Ein olympischer Athlet trainiert jeden Tag stundenlang. Und das Woche für Woche, Monat für Monat, um am Ende 10 Sekunden zu sprinten. Er würde sehr wahrscheinlich nicht auf die Idee kommen, seinem Coach zu sagen: „Weißt du, ich sprinte ja nur 10 Sekunden und da muss ich ja dann auch nur für 10 Sekunden trainieren!“
Viele Schauspieler, die zu mir kommen, sind in Bezug auf ihr Sprechen aber genau davon überzeugt: sie meinen, dass sie vor der Kamera nicht mehr in die Vollen gehen müssen. Lautstarkes Spiel verbinden sie mit dem Theater. Sie meinen, für den Film sollten sie sich zurücknehmen. Sie fangen an, reduziert zu sprechen. Vor lauter Zurückhaltung spannen sie die Bauchdecke an und halten den Atem fest. Sie bauen damit gewaltige körperliche und psychische Blockaden auf. Und vor lauter Angst, nicht den richtigen Ton zu treffen oder den Text nicht genau zu reproduzieren, sind sie im Grunde nur noch ein Schatten von sich selbst. Das muss und darf nicht sein!

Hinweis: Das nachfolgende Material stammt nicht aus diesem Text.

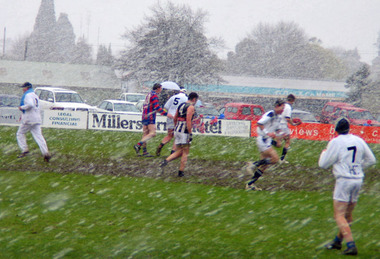 digital photographs, Central Highlands Football League Grand Final in the Snow, 2004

Selbstverständlich müssen wir im Spiel vor der Kamera keinen Saal und schon gar keine Freilichtbühne beschallen. Unsere Handlungen – und dazu zähle ich ganz selbstverständlich auch das Sprechen und den stimmlichen Ausdruck – dürfen dank der Technik sehr intim sein, fein und transparent. Ein großer Unterschied zur Bühne.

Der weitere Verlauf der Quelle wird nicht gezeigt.